Work instruction:
Only one portion of the data is to be written out: from the line bearing "Ketika TNI AL" through the line bearing "576 Deaverview Road Asheville NC 28806". Write it exactly as it appears.

Information provided:

┌──

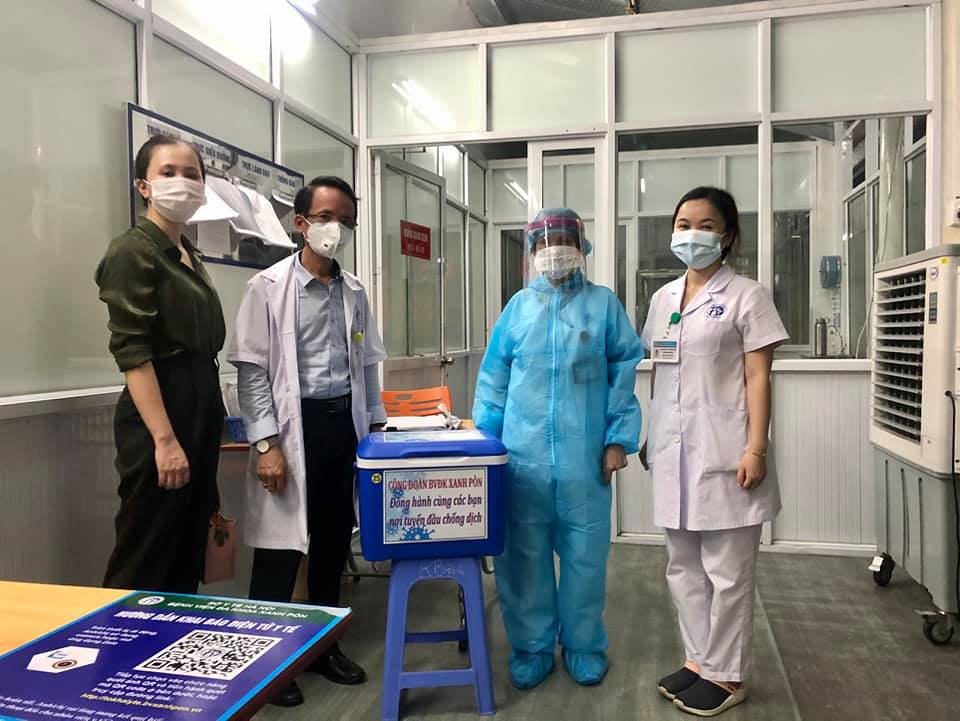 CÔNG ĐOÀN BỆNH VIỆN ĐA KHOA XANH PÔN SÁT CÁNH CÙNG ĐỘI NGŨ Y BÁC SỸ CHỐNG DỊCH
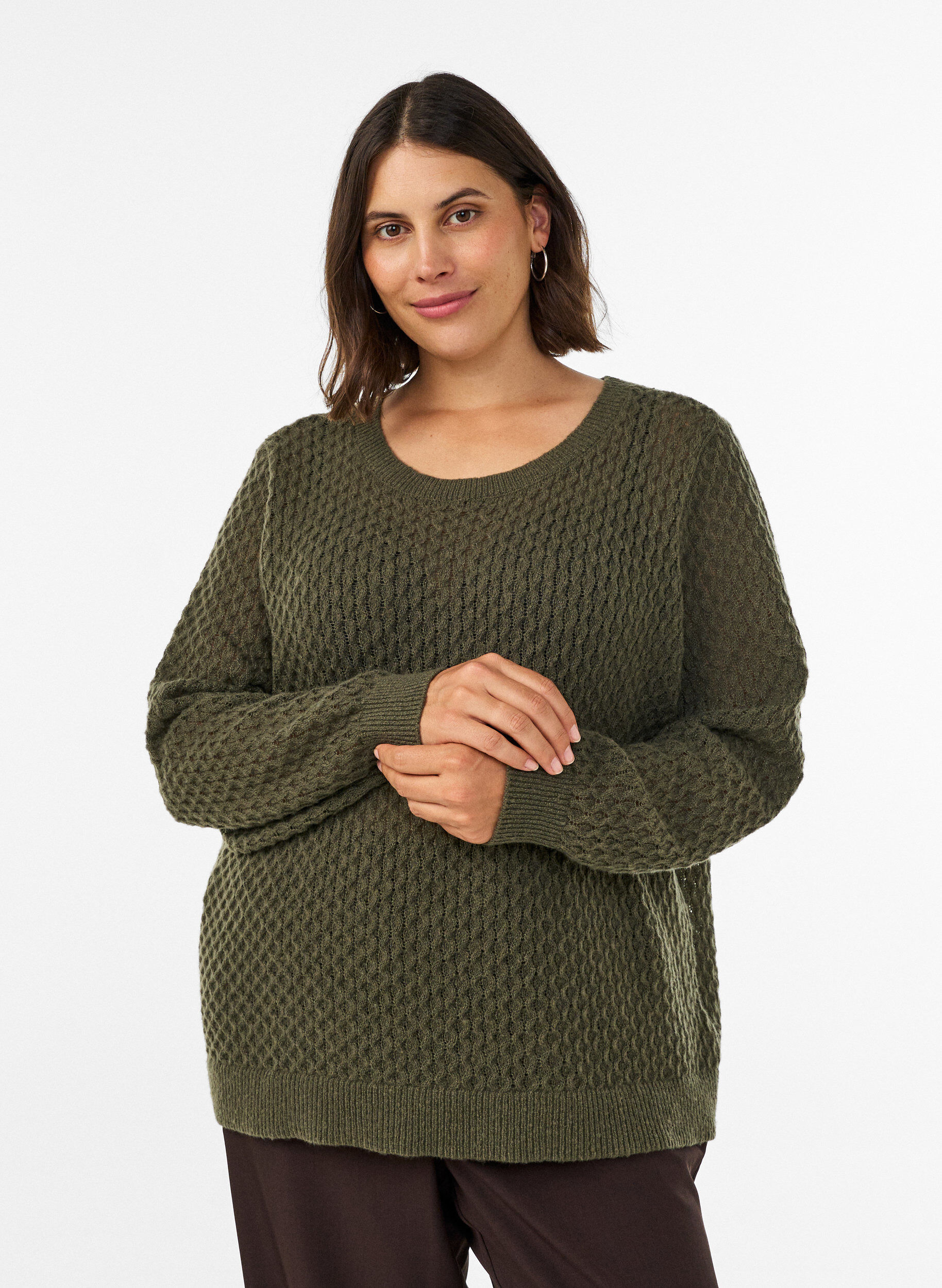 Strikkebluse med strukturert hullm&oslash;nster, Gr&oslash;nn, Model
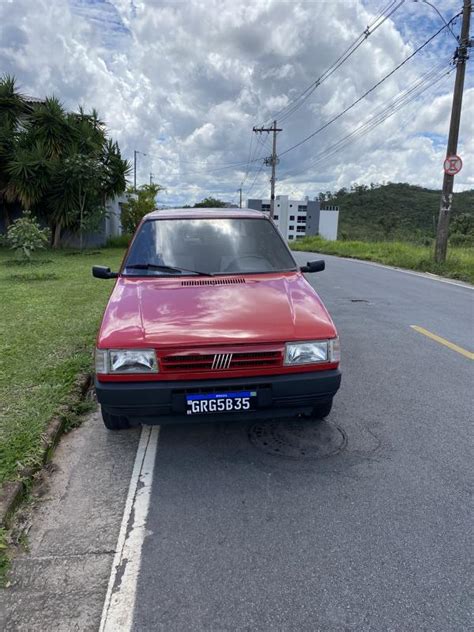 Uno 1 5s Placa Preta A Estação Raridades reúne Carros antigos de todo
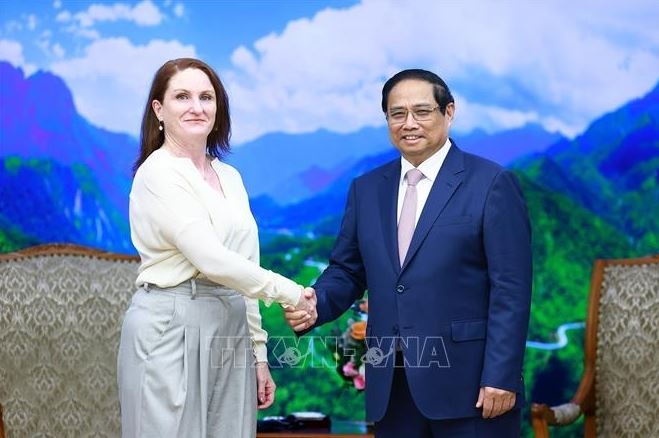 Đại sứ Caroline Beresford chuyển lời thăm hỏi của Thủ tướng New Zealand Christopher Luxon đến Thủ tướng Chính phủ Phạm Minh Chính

└──
┌──

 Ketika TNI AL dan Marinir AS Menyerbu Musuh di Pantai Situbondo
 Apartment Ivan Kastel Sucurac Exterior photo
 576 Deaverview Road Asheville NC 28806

└──

Result for this task:
 Ketika TNI AL dan Marinir AS Menyerbu Musuh di Pantai Situbondo
 Apartment Ivan Kastel Sucurac Exterior photo
 576 Deaverview Road Asheville NC 28806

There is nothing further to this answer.